There are hopeful beginnings to this process. I’m honored to be a part of an amazing project run by the NIH called the All of Us Research Program. This program is building a participant community of a million or more Americans that is truly reflective of the diversity of our country to enable research into populations and on a scale that has not been possible before. This national research study has prioritized outreach to and engagement with marginalized, stigmatized and underrepresented communities. And yes, that includes the LGBT community.

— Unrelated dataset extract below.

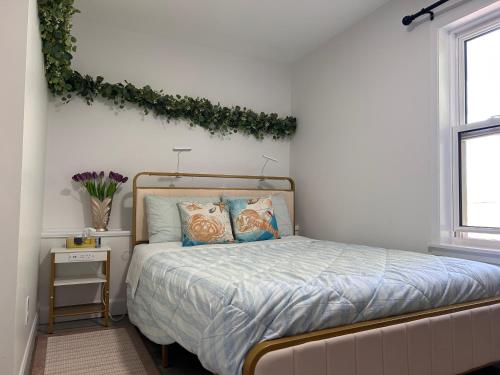 a bedroom with a bed with areath on the wall at Garden View near Confederation Bridge and Beaches in Borden-Carleton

We are finally being asked to become participants, to help shape this program, and donate our health data.

Through partnerships with amazing organizations like CenterLink, The Association of Nurses in AIDS Care, the American Academy of HIV Medicine, HIV Medical Association and Stanford University School of Medicine, “All of Us” is deepening the trust needed in this community to ensure that we are represented in this effort. 
But there is still much more work to be done.

Let’s honor the hundreds of thousands who died because of AIDS. And, let’s honor ourselves by demanding that the U.S. healthcare system reflect us, and our needs, in the decisions made moving forward.

A born advocate, Michael Manganiello believes in the power of the patient to impact major changes in health policy – a power that is amplified when groups unite around a common agenda. Michael founded HCM Strategists, a firm that specializes in accessing major stakeholders in the health care community and bringing them together and find common ground to advance positive change.